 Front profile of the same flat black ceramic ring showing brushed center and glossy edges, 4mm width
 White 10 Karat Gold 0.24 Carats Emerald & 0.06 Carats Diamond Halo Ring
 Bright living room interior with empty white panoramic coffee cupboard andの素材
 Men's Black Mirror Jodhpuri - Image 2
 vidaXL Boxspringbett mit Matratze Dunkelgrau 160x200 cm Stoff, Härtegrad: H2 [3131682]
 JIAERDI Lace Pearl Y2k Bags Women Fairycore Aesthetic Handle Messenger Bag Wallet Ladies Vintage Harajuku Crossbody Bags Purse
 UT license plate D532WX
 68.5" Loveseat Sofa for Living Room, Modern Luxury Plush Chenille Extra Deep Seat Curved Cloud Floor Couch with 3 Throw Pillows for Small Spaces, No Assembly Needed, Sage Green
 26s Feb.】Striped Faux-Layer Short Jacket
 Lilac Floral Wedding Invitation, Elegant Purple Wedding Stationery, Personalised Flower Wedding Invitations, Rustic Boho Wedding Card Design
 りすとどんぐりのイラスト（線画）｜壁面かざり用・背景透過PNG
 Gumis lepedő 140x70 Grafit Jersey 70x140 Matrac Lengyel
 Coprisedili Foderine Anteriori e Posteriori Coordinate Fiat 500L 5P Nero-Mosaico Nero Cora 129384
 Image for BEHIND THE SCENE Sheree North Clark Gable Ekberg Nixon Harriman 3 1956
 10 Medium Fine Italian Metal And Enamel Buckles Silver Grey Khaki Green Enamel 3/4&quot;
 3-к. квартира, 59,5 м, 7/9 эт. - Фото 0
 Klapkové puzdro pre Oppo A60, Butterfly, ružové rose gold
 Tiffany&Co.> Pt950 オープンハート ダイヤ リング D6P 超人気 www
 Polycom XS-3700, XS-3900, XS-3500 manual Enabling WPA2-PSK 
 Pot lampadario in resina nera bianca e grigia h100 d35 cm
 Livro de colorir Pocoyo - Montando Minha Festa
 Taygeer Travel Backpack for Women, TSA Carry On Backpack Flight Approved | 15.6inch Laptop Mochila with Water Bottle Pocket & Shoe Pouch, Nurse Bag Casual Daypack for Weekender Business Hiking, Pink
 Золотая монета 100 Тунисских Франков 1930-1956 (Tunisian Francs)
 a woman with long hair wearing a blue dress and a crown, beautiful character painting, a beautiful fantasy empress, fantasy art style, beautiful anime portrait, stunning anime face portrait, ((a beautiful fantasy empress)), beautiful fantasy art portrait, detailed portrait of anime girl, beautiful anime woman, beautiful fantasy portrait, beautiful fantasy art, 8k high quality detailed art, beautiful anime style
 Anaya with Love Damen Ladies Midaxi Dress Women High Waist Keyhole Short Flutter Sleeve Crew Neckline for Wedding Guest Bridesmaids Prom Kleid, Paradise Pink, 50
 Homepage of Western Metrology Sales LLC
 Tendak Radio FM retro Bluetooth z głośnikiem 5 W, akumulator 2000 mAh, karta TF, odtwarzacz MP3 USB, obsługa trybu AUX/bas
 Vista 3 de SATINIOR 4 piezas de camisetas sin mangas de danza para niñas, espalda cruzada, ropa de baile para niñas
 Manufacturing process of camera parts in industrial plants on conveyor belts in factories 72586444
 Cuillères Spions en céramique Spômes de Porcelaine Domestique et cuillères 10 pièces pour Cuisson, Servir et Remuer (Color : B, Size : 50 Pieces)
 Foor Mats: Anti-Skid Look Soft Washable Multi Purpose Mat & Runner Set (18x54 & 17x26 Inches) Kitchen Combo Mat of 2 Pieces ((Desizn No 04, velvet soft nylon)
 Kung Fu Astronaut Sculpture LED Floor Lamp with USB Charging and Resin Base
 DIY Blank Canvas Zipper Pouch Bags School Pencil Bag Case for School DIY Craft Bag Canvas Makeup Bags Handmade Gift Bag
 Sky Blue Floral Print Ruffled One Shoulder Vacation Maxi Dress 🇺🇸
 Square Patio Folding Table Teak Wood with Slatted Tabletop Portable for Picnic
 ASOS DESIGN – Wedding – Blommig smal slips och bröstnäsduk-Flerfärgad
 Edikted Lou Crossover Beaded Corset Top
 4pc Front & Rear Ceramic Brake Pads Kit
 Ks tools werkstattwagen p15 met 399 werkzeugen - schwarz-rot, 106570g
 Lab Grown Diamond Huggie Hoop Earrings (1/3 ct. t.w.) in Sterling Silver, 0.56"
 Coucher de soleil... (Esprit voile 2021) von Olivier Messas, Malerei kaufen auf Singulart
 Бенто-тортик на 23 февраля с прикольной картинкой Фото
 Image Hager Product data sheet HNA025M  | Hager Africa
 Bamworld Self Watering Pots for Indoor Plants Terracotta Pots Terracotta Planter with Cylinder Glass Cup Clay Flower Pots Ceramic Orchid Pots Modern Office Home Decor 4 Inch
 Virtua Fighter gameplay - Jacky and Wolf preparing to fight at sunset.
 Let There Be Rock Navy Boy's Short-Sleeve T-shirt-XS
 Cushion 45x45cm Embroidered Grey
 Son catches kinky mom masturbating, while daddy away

++++++++++++++++++++

Using the data above, repeat exactly the lines that begin at the line with "Coprisedili Foderine Anteriori" and end at the line with "Tiffany&Co.> Pt950 オープンハート", both ends included.

• Problem solution:
 Coprisedili Foderine Anteriori e Posteriori Coordinate Fiat 500L 5P Nero-Mosaico Nero Cora 129384
 Image for BEHIND THE SCENE Sheree North Clark Gable Ekberg Nixon Harriman 3 1956
 10 Medium Fine Italian Metal And Enamel Buckles Silver Grey Khaki Green Enamel 3/4&quot;
 3-к. квартира, 59,5 м, 7/9 эт. - Фото 0
 Klapkové puzdro pre Oppo A60, Butterfly, ružové rose gold
 Tiffany&Co.> Pt950 オープンハート ダイヤ リング D6P 超人気 www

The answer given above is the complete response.